DTX messaging this year is all about breaking down silos, and this is what Button essentially did to improve both his performance and his mental resilience.
“To start with I thought it was just me. I’m the guy in the car – but it was much better when realised that I was part of a bigger team,” he said.
“There could be 1,500 people working for Formula One to build just two cars. And you need to be working as one team,” he said.
“There are racing drivers in simulators in Japan 24-hours-a-day working on things for you to try in your next practice session. These teams back at base are so important.”
“There’s a saying in the sport that the people that mess up the least are the ones whose teams do the most work. All I must do is to get onto the track and not mess things up,” he added.
The winning Formula
Jenson acknowledged that his success also came through support from the right leadership too – and praises his former manager Brawn, who led the Honda team following a buyout in 2009.
“I was always comfortable in Ross’s presence; I knew I could talk to him openly about stuff. He was also open to you having an imagination to trying something new without fear of failure,” said Button.
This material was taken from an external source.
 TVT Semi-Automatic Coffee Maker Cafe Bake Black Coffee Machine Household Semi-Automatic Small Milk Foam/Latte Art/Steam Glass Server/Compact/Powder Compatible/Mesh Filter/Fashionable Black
“There’s a tendency in the sport, a fear of trying something new a fear that, if you fail then you’re out. We should be open to imagination in sport – at the pinnacle of F1 you must throw out ideas.”
A keen observer of people, Button shared some insight into his former teammate – the seven-time Formula One World Drivers’ Champion Lewis Hamilton, who he describes as a having a sponge-like ability to learn from those around him.
“Lewis picks up a lot from his teammates. I worked with him for three years in the same team. He would see Fernando [Alonso] was good at getting on the gas at the right point. So, he looked at the data and thought: ‘I can do that because Fernando has’.”
“And he didn’t’ always have the mental strength that he has now. He had a lot of natural ability, but his engineering skills and team skills were not there, and he used to get very upset.
“He could not understand why I seemed to be getting more support from the team – because I gave them the time of day. It’s about everyone in the team, everyone in the factory. That was a big learning curve for him but he is such a complete driver now.”
Button was also asked by presenter Susannah Streeter about how he copes with the safety risks involved in driving a car around a track which is going at an average speed of 181.29km/h.
“That bit’s easy because most racing drivers are a bit stupid,” he joked, but then admitted, the moment he got inside the cockpit and put his helmet on and pulled out onto the track was the “most peaceful place in the world.”
He added: “You see the danger, you understand it, it’s in the back of your mind somewhere, but you’re away from the press, you are away from the rest of the world, you forget about it.”